Dalam prakteknya, keterwakilan ini masih saja menghadapi tantangan dan kesulitan untuk diwujudkan secara sungguh-sungguh. Keterwakilan perempuan masih saja dilihat dalam celah bahasa peraturan perundang-undangan, pilihan diksi “memperhatikan” menjadi tantangan besar dalam upaya menafsirkan dan mewujudkan keterwakilan perempuan secara bermakna. Aksesabilitas perempuan dalam dunia politik masih menjadi tantangan besar, beberapa hal sangat mempengaruhi aksesibilitas atau keterjangkauan itu, sebut saja beberapa seperti: relasi kuasa berbasis identitas jenis kelamin, kesempatan pendidikan politik,  prioritas untuk mewujudkan keterwakilan, serta konsistensi kebijakan dalam mendukung upaya afirmasi.
Inklusivitas dalam Pemilu
Inklusivitas merupakan prasyarat untuk tercapainya cita-cita perjuangan menjadikan Pemilu sebagai pesta demokrasi yang dapat diakses oleh seluruh warga Negara.

Tentu saja warga yang memenuhi persyaratan sebagai pemilih dan dipilih. Kata inklusif merupakan simbol semangat untuk menjadikan Pemilu bukan hanya dinikmati oleh sebagian orang (ekslusif), tetapi juga dapat dinikmati oleh setiap orang yang memiliki hak.

Tantangan dalam mewujudkan pemilu yang inklusif adalah menjangkau dan menyediakan akses untuk warga negara memiliki beragam perbedaan kondisi fisik, mental, kesehatan,  lokasi tempat tinggal, jarak dari tempat penyelenggaraan, suku, agama, dan lain-lain. Hambatan-hambatan mesti diatasi dan kepentingan warganegara untuk berpartisipasi mesti diakomodir oleh Negara sehingga setiap warganegara benar terlibat dalam pesta Demokrasi.

Persiapan untuk  mengakomodasi keberagaman kondisi warganegara agar Pemilu yang inklusif terwujud memerlukan edukasi. Edukasi untuk peserta dan penyelenggara pemilu, sehingga semangat inklusif diwujudkan dalam penyediaan sarana dan prasana yang diperlukan, termasuk tersedianya media komunikasi yang efektif.

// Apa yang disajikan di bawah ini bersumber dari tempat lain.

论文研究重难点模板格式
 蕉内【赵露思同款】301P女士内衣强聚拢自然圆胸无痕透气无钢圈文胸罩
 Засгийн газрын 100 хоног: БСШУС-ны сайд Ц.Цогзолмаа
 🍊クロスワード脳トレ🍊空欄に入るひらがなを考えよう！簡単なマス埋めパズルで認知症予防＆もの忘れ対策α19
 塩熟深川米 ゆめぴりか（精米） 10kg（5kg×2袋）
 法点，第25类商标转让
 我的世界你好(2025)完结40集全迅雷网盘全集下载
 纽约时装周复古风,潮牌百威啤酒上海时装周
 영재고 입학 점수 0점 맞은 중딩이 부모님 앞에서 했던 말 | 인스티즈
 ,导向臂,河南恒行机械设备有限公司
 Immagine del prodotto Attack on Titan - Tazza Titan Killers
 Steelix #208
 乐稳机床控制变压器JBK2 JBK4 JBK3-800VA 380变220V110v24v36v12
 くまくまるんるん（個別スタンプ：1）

Komunikasi efektif dalam penyelenggaraan Pemilu merupakan bagian penting dalam edukasi politik seluruh warganegara, menjangkau jauh melewati mereka yang berhak untuk dipilih dan berhak memilih. Penyelenggaraan Pemilu yang berkualitas adalah momen pendidikan demokrasi seluruh warganegara, melintasi berbagai perbedaan, mengakomodasi keberagaman.(**)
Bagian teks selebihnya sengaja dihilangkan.